Hay lenguajes que cuestan entender. Me cuesta entender el lenguaje de las flores que pretende explicarme las cosas del amor.
Con cara de bobo pregunto al azahar, a los lirios y a las violetas dubitativas cómo se expresa el significado de unas mejillas ruborizadas o cómo convocar la pasión de la persona amada. Y las flores me responden con las palabras de siempre: el rubor y la pasión son apariciones naturales como la víbora que se esconde tras el matorral o el ácido desoxirribonucleico que forma parte de nuestras células.
Sin embargo, la rosa con espinas me asegura que el amor es un tirano sanguinario que nos anula con venenos y filtros mágicos, pero insiste y añade que el dolor, el temblor y mal de amores son superiores y más placenteros que la libertad perdida.
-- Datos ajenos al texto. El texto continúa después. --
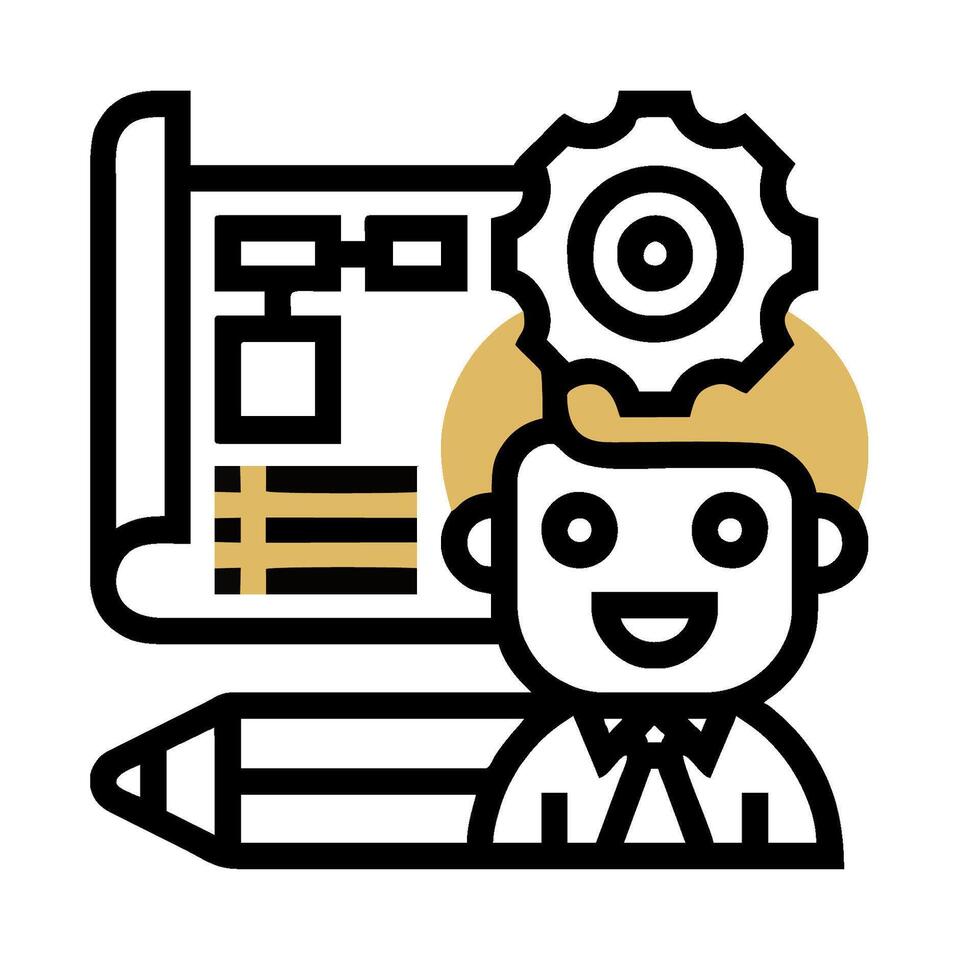 A man with a pencil and a computer in front of him vector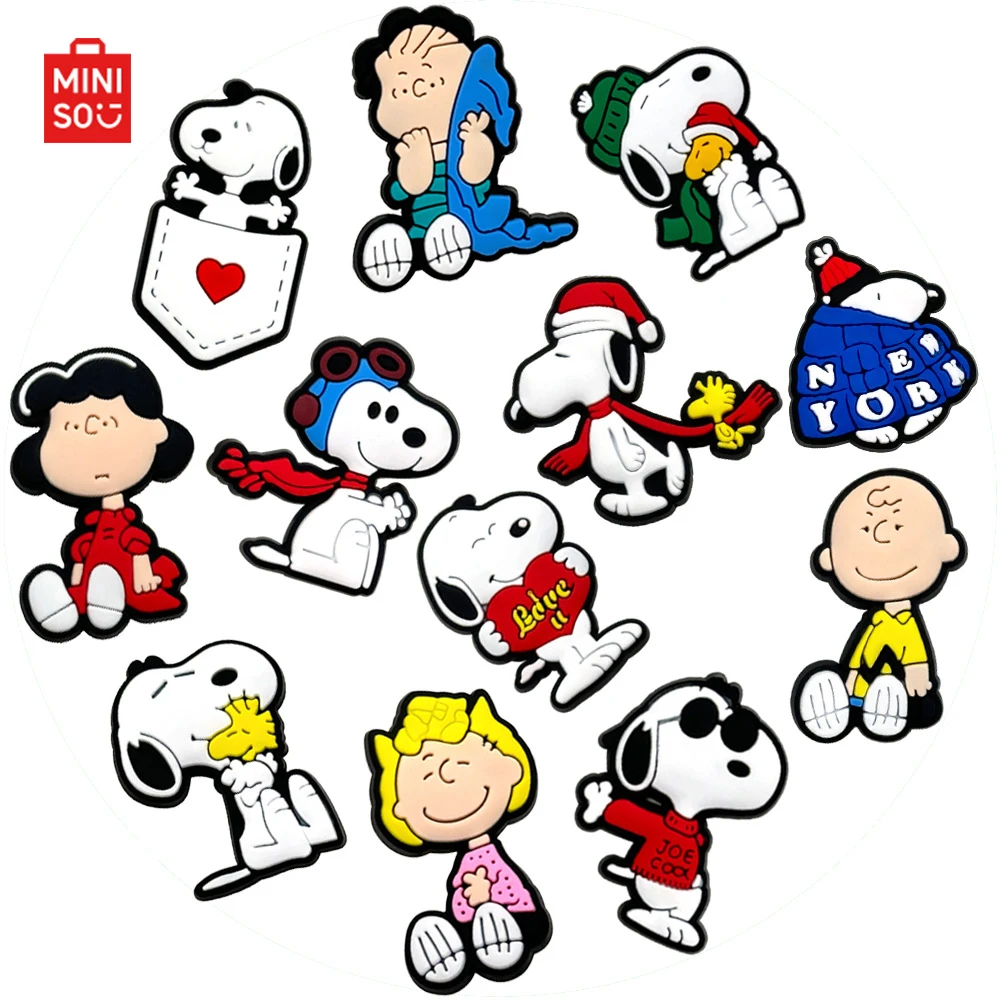 

MINISO 12pcs Snoopy Shoe Charms Cartoon PVC Anime DIY Sandals Clogs Decor For Kids Gifts Cute Fashion Accessories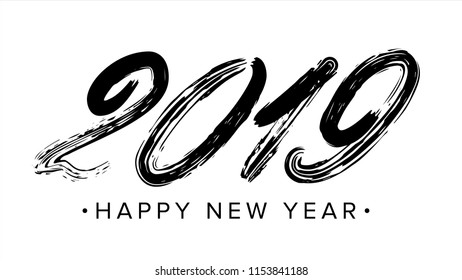 2019 Sign Vector. Grunge Calligraphy. Happy New Year. Brush. Design Element. Black Numbers Isolated On White Background Illustration
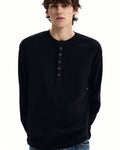 Men's Waffle Knit Cotton Henley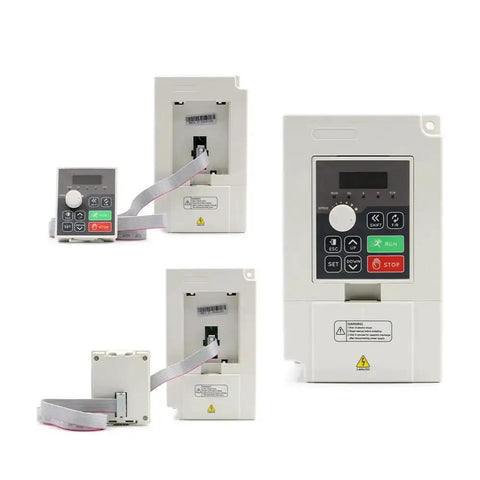 2.2KW 110V Inverter VFD Variable Frequency Drive 0-1000Hz, front view showing control panel and wiring setup for motors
Entonces contesto y me rebelo, porque sé que el dolor de la tripa o de una llaga son mucho más intensos y ciertos que el pinchazo de una espina enardecida.
Me alejo de la rosa, no quiero saber nada de ella ni entender su lenguaje porque en él hay engaños. Estoy convencido que el amor es una forma de idealizar el hipocondrio y que los temblores que el amor provoca sólo son un estímulo para la perpetuación de la especie.
Así las cosas, las flores y yo no nos entenderemos nunca. Jamás entenderé el lenguaje de las flores.